**WHAT YOU WILL DO**.
Pictures are to be left out; every line from the one with "민항기 내에서 총알에" through the end of the data must be transcribed exactly.

[Records contained in a dataset]
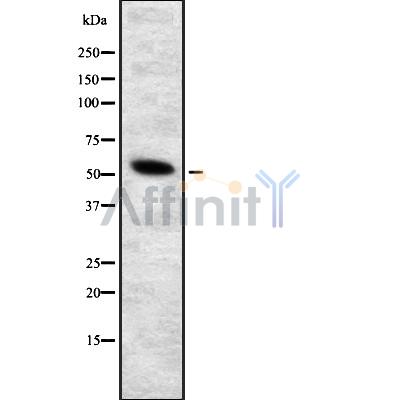 GRB7 Antibody - Western blot analysis GRB7 using COLO205 whole cell lysates.
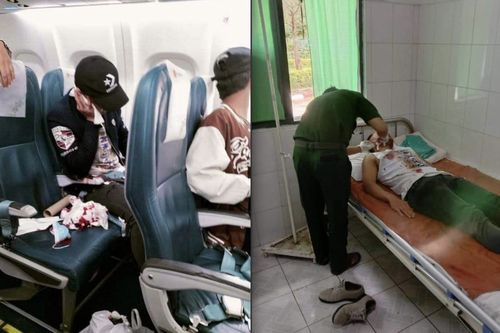 민항기 내에서 총알에 오른뺨과 귀를 다친 27세 승객[SNS 캡처. 재판매 및 DB 금지]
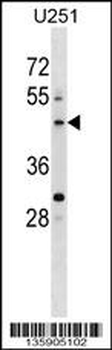 PLEKHO2 Antibody (N-term)
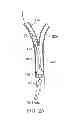 Fig. 06 - System and methods for controlling retrograde carotid arterial blood flow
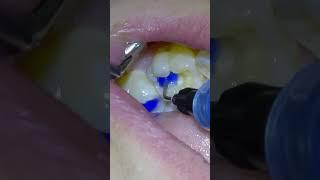 Dentist Performs White Resin Composite Filling on A Molar Tooth Class 1. #dentist #filling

**RESULT FOR THIS TASK**.
 민항기 내에서 총알에 오른뺨과 귀를 다친 27세 승객[SNS 캡처. 재판매 및 DB 금지]
 PLEKHO2 Antibody (N-term)
 Fig. 06 - System and methods for controlling retrograde carotid arterial blood flow
 Dentist Performs White Resin Composite Filling on A Molar Tooth Class 1. #dentist #filling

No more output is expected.